I was wondering if you have any advice for learning to trust again. I'm really struggling to trust anyone with anything.
I know my distrust is irrational. I don't know how to get past it.
I actually just wrote about this in a chapter I was working on. There isn't an easy answer, but this might be helpful.
A lot of us grew up with warped definitions of love and loyalty. When you’re raised in chaos, mistreatment can start to look like connection. It’s easy to confuse fear with passion, control with care, or silence with safety.
So let’s clear something up. Trust isn’t any of these things.
Trust isn’t blind obedience. If someone says, “If you really trusted me, you’d do what I say,” that’s not trust. That’s control. Real trust doesn’t require you to shut down your own voice.
Trust isn’t pretending you’re not hurt. Stuffing your feelings just to “keep the peace” isn’t trust. It’s fear of rocking the boat. In a healthy relationship, you can bring your hurt into the open without being punished for it.
Trust isn’t self-abandonment. Growing up, you might have been taught that love means draining yourself dry and that if you really cared, you’d always push past your limits. But exhausting yourself to prove love isn’t trust. It’s survival.
Trust isn’t perfection. People will mess up. You’ll mess up. That doesn’t mean the relationship is doomed. Trust isn’t about never making mistakes. It’s about knowing repair is possible and how you and the other person handle mistakes.
Naming what trust isn’t matters, because when we’re used to dysfunction, the unhealthy can feel familiar, and familiar can feel safe. The goal isn’t to shame yourself for falling into those patterns. It’s to notice when they show up, so you can step toward something better.
Relearning Trust in Safe Ways
Trust isn’t an all-or-nothing switch. You don’t wake up one day suddenly ready to bare your whole soul. Healing means rebuilding it in steps. And sometimes tiny ones.
Here are a few safe ways to practice:
Start small. Trust doesn’t have to begin with the scariest thing. Share something low-stakes first like your favourite song, or a worry about your day and notice how the other person responds. Safe people earn their way into the deeper layers over time.

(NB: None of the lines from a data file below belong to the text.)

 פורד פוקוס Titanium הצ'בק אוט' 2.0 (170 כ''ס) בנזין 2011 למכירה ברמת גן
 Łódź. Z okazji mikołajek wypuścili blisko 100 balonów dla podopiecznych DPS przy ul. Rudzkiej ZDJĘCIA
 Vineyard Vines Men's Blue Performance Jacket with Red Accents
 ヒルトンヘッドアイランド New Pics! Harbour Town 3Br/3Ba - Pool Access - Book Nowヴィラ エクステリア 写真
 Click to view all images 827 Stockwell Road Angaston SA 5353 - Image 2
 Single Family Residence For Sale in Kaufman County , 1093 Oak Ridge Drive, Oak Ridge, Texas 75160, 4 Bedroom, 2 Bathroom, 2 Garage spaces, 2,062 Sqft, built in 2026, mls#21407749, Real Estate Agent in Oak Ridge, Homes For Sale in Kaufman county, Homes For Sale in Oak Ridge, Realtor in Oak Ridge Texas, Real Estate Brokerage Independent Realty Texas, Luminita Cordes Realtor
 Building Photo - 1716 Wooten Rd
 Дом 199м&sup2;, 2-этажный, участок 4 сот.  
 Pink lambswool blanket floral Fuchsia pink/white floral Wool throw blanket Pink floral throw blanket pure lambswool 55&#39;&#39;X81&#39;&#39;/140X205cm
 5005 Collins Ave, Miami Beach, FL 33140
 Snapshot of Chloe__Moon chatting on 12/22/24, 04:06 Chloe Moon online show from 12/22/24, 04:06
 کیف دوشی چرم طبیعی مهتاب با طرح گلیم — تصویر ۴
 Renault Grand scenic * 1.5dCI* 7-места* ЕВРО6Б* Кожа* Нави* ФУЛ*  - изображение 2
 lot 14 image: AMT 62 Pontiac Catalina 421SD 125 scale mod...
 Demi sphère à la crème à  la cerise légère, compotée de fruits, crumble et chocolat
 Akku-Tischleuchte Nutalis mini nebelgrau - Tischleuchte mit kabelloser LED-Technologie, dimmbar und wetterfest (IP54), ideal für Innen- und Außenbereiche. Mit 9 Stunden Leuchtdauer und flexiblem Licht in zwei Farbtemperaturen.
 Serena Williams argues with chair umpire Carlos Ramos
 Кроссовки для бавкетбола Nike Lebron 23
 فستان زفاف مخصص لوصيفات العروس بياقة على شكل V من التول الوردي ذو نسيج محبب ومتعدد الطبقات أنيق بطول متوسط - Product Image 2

Listen to your body but check the context. Your nervous system reacts quickly, sometimes too quickly, especially when you’ve lived through trauma. Feeling anxious or tense doesn’t always mean someone is unsafe; it might mean your body is remembering old patterns. Pay attention to those signals, but pair them with reflection: Is this person actually doing something harmful, or am I reacting to a fear from the past? Your body’s cues matter, but so does giving yourself time to sort out what’s real in the present.
Test for repair, not perfection. A healthy person won’t always get it right, but they’ll try to make it right. If you share something vulnerable and it doesn’t land well, pay attention to how they respond when you tell them. Do they dismiss it, or do they lean in and adjust?
Practice boundaries while building trust. Letting people in doesn’t mean flinging the doors wide open with no locks. Boundaries help you feel safe enough to stay open. You can say, “I’m not ready to talk about that yet,” and still be building intimacy.
Lean on self-trust as your foundation. Trusting others begins with trusting yourself to notice red flags, set limits, and walk away if needed. When you know you won’t abandon yourself, trusting others doesn’t feel like free-falling. It can feel like a choice instead.
Relearning trust is about pacing yourself. You don’t have to hand someone your whole heart to practice connection. You just have to give them one small piece and see what they do with it.
Trust after BPD and trauma is not about flipping a switch. It’s not about pretending you’re fearless, or convincing yourself to trust everyone equally. It’s about practicing discernment. It is about learning who has earned your trust, who hasn’t, and reminding yourself that your needs matter in that process.
You may always have moments where the fear whispers, They’re going to leave. You can’t rely on them. This will end in betrayal. That voice doesn’t mean you’re doomed to isolation. It means you’re learning to notice it, breathe through it, and choose what to do next.
Rebuilding trust is not about blind faith. It’s about slow faith. Small steps. Testing, noticing, reflecting. It’s about reminding yourself that you are allowed to be cautious, and you are allowed to want closeness anyway.
Because trust doesn’t erase the scars of the past. But it makes space for a different kind of future. One where connection doesn’t have to mean catastrophe.